Portrait of a young man. II century n. er The golden wreath is a typical funerary attribute for Greece. When writing a portrait, the master used encaustic and tempera.
From the collection of the Pushkin Museum to them. Pushkin in Moscow

The Fayum portraits are burial portraits created in the encaustic technique in Roman Egypt of the first and third centuries. It was named after the place of the first large find in the Fayum oasis in 1887 by a British expedition led by Flinders Petrie . They are an element of the local funerary tradition modified under the Greco-Roman influence: the portrait replaces the traditional funeral mask on the mummy. Located in the collections of many museums around the world, including the British Museum , the Louvre and the Metropolitan Museum in New York .

A collection of 23 funeral portraits of Fayum in the Pushkin State Museum of Fine Arts in Moscow, discovered in Egypt in the 1870s, makes it possible to trace the development of this genre over four centuries (from the 1st to the 4th centuries).

Content

Research History

Today, about nine hundred burial portraits are known. Most of them were found in the necropolis of Fayum. Due to the dry Egyptian climate, many portraits are very well preserved, even the colors look fresh in most cases.

Masks and death
  • burial mask
    • mask of agamemnon
    • fayum portrait
  • death mask
    • ancestral wax masks

The funeral portraits were first described in 1615 by the Italian explorer Pietro della Valle during his stay in the Saccara - Memphis oasis . He brought two of them to Europe, today they are in the collection of the State Art Collection of Dresden . Despite the constant growth of interest in ancient Egypt , funeral portraits again attracted attention only at the beginning of the XIX century. So far, no information has been preserved where the first finds came from: perhaps it was again Sakkara or Thebes . Thanks to Leon de Laborde in 1827, two new funeral portraits appeared in Europe, allegedly found in Memphis, one of which is stored today in the Louvre , and the other in the British Museum .

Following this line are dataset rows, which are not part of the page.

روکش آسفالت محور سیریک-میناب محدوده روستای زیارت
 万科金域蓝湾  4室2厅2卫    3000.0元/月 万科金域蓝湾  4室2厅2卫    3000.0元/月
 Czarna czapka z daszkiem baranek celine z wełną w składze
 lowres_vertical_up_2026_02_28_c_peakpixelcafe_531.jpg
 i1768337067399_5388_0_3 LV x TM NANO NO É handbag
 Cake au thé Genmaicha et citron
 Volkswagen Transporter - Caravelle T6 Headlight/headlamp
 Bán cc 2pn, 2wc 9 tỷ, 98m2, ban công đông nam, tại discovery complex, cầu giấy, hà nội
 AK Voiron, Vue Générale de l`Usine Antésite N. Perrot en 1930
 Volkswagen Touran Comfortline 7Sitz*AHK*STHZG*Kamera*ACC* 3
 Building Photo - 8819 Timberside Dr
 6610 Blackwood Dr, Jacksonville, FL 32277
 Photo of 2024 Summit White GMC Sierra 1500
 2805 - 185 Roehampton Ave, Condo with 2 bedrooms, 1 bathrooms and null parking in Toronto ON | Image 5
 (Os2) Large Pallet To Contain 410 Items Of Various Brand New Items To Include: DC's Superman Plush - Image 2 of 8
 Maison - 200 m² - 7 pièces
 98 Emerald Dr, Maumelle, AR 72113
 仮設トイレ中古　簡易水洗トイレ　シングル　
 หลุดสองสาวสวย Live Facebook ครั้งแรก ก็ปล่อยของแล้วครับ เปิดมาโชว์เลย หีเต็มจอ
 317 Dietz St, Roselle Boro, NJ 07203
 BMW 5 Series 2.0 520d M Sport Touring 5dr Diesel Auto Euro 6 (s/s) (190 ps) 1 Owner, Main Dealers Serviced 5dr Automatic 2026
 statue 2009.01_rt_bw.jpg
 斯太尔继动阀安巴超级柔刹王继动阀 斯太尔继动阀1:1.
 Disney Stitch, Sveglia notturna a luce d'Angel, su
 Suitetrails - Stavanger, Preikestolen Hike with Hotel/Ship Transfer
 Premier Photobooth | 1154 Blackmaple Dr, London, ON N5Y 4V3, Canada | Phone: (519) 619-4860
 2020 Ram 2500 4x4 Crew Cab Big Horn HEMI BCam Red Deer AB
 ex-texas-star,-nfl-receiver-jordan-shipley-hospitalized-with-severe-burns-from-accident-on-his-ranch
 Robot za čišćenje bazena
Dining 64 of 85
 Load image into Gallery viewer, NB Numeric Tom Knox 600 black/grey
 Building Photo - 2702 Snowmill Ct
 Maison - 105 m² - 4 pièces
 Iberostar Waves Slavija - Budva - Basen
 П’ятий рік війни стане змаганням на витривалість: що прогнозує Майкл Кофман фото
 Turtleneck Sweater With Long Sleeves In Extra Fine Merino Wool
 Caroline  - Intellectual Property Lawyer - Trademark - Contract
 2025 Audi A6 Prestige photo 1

Back in 1820, Baron Minutoli, on the order of the German government, acquired several funeral portraits, which, however, disappeared along with other Egyptian artifacts during a shipwreck in the North Sea . Ippolito Roselini brought to Florence from the expedition of Jean-Francois Champollion in Memphis in the years 1828-1829 a burial portrait of unknown origin, similar to the two portraits brought by Laborde from Memphis. In the 1820s, through the British Consul General in Egypt Henry Salt, several portraits came to Paris and London . Erroneously, some of the people depicted in the portraits were considered family members repeatedly mentioned in written sources by Thebes archon Pollios Zoter.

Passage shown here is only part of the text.